This means that we agreed to establish a law-governed society, in which,
among other things, the rights of the individual would be protected and all
statutory law would respect the perimeters prescribed in the letter and
spirit of our Constitution, including its Bill of Rights.
The statement issued by my Office on December 8 responding to the Heath
allegations, made the following important observation:
“In the past, former President Mbeki has drawn attention to the use of
fabrications to advance particular political agendas and to divert attention
from the pressing challenges of the day. If our broad leadership at all
levels of society does not address this tendency, it may become an indelible
part of our political culture and make it impossible for our country to
address the real challenges we face.”
For far too long, since the establishment of our democracy in 1994, we have
repeatedly seen determined efforts to ensure that the national discourse is
dominated by issues which have absolutely nothing to do with our real and
pressing national matters.
An example of this, in the context of this article, is the diversionary heat
which has been generated by Heath’s allegations.

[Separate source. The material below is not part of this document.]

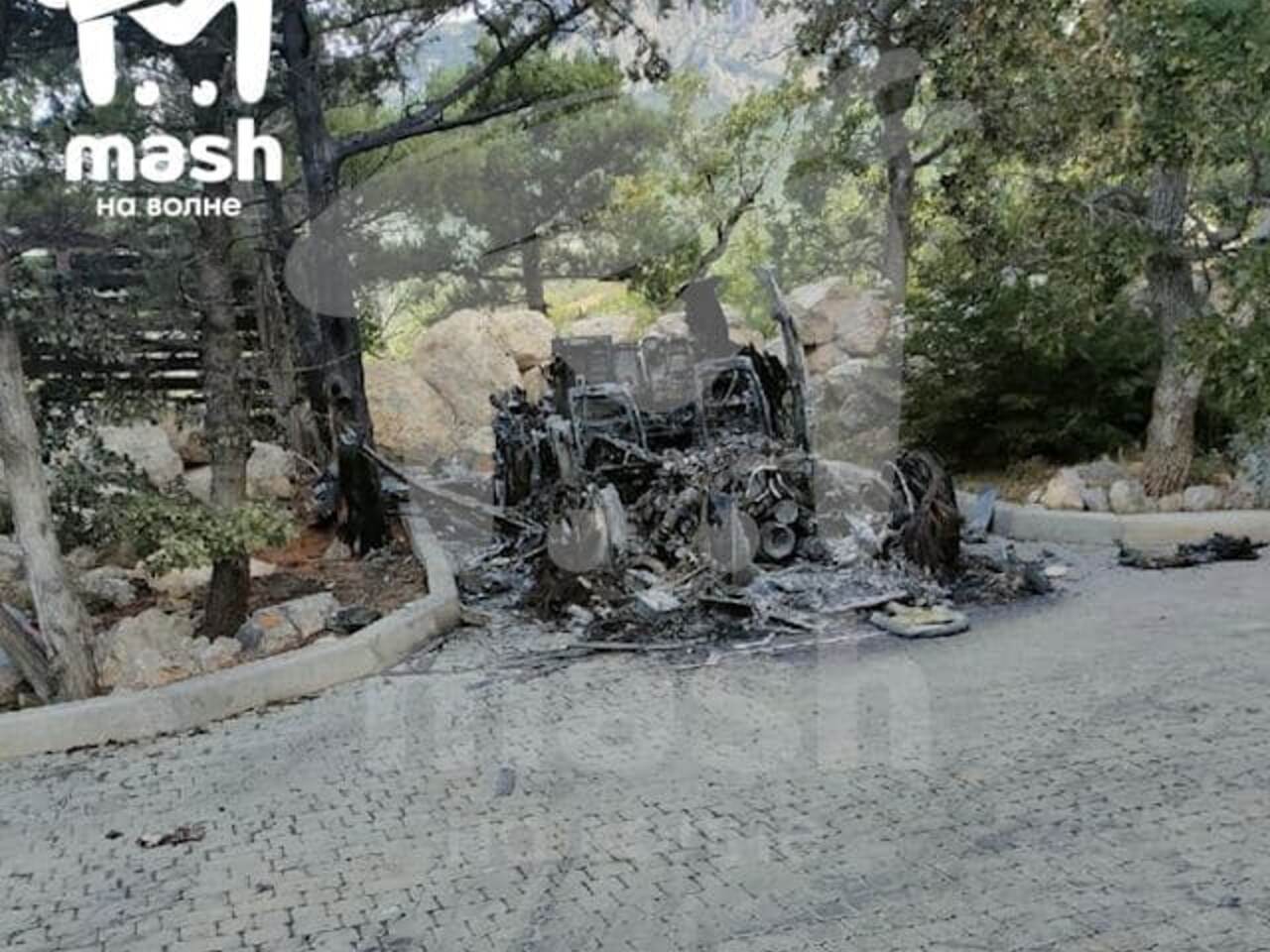    Rolls-Roy      31   : : : Lenta.ru dqxikeidqxitkant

The principal observation I am making is that we have allowed for some in
our country to use various peripheral issues to divert us from focusing on
the most important challenges we face as a country and a people.
Again I must insist that it is absolutely correct that all necessary action
is taken to address all allegations, as happened and will happen with regard
to the so-called ‘arms deal’.
In exactly the same way it is absolutely correct that all necessary action
is taken to investigate in a transparent manner the allegations made by
Heath which centrally question my own and the honesty and integrity of our
former democratic governments.
I must confess that the extremely defamatory allegations made so
unequivocally by Heath, which a respected South African periodical, City
Press, chose to publish, forced me to engage in some introspection.
I fully accept that others, rather than me, may very well be better placed
critically to judge the quality of my performance as our country’s Head of
State and Government.
However, over the years, very many people inside and outside our country
have pressed me to write and publish my Memoires, convinced that these would
help especially our people further to deepen their understanding of the
processes relating to the transformation of
apartheid South Africa into a non-racial democracy.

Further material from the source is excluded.